Apesar de há muito o Brasil ter se libertado deste sistema injusto e imparcial de contratação, a realidade parece ainda demonstrar sua predominância.

O ordenamento jurídico brasileiro atual adota, em tese, o sistema de mérito, insurgindo-se contra os abusos e fraudes ocorridos no passado da Administração Pública brasileira, visando admitir candidatos mais bem preparados para satisfazer os interesses públicos que incumbem ao Estado.

Contudo, o sistema de mérito parece letra morta perante a Administração Pública, que insiste em contratar parentes dos membros de Tribunais e Juízes, em escancarada inobservância ao princípio da isonomia, da efetividade, da moralidade e da imparcialidade.

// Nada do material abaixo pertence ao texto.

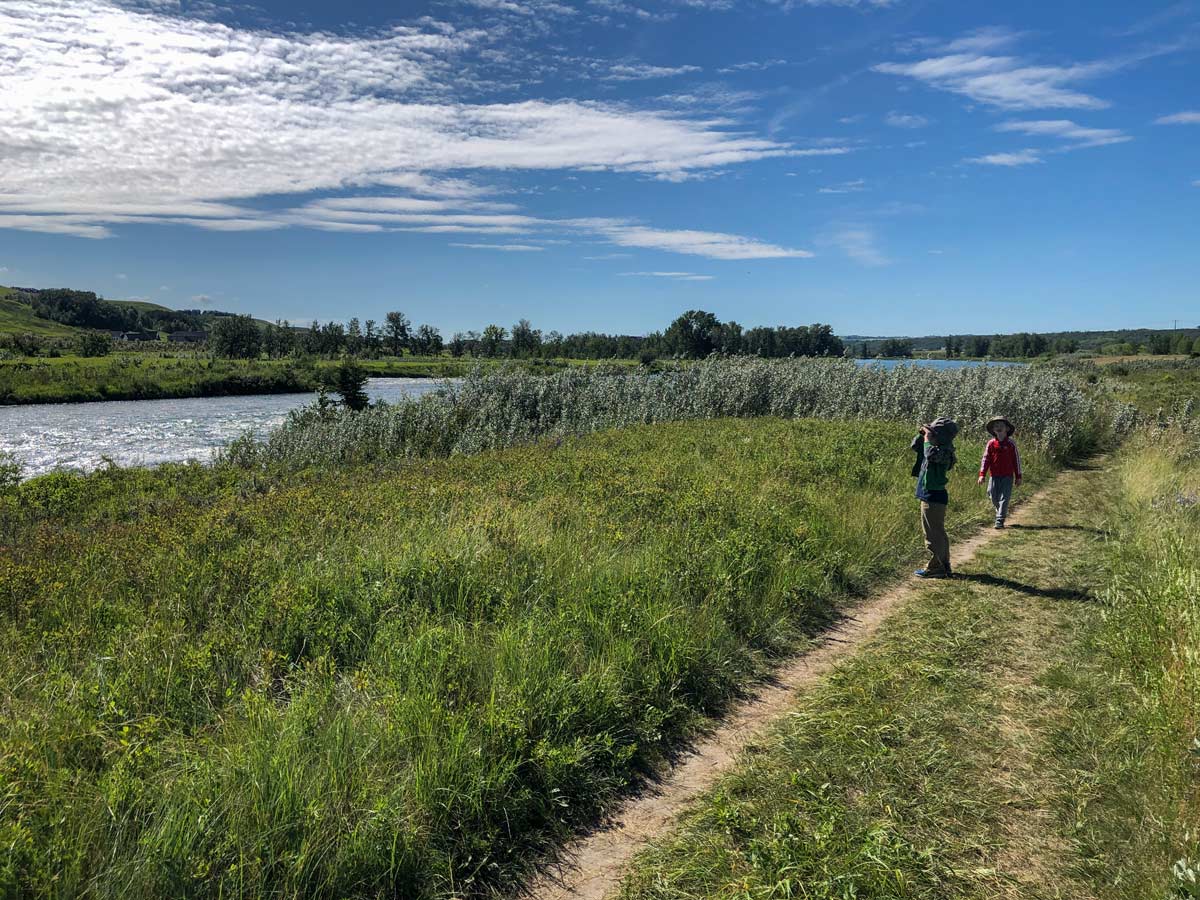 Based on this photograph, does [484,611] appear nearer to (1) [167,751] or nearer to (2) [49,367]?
(1) [167,751]

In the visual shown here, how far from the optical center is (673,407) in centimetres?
2164

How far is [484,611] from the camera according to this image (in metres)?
5.75

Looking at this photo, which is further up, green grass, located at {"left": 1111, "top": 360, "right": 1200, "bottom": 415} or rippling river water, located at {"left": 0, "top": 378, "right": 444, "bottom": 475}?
green grass, located at {"left": 1111, "top": 360, "right": 1200, "bottom": 415}

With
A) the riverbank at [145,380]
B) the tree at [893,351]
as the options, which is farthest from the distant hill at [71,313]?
the tree at [893,351]

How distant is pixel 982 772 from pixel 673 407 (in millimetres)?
17750

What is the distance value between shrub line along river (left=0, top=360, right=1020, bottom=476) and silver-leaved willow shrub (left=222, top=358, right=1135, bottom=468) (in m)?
2.09

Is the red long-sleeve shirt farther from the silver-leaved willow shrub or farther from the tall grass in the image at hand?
the silver-leaved willow shrub

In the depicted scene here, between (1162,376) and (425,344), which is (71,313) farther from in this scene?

Assim, merece respeito e consideração toda e qualquer movimentação visando erradicar prática tão repugnante, que atenta contra os princípios basilares do Estado Brasileiro.

Conforme já mencionado, independentemente da Resolução n° 07 do Conselho Nacional de Justiça, a Constituição de República de 1988 já repudiava a nomeação de parentes para cargos de confiança, uma vez que nela foram acolhidos expressamente o princípio da isonomia (art. 5°, caput), o princípio da impessoalidade (CF, art. 37, caput) e o princípio da moralidade (CF, art. 37, caput). Esses princípios impossibilitam o exercício da competência administrativa para obter proveito pessoal ou qualquer espécie de favoritismo, assim como impõe a necessária obediência aos preceitos éticos, especialmente os relacionados à indisponibilidade do interesse público.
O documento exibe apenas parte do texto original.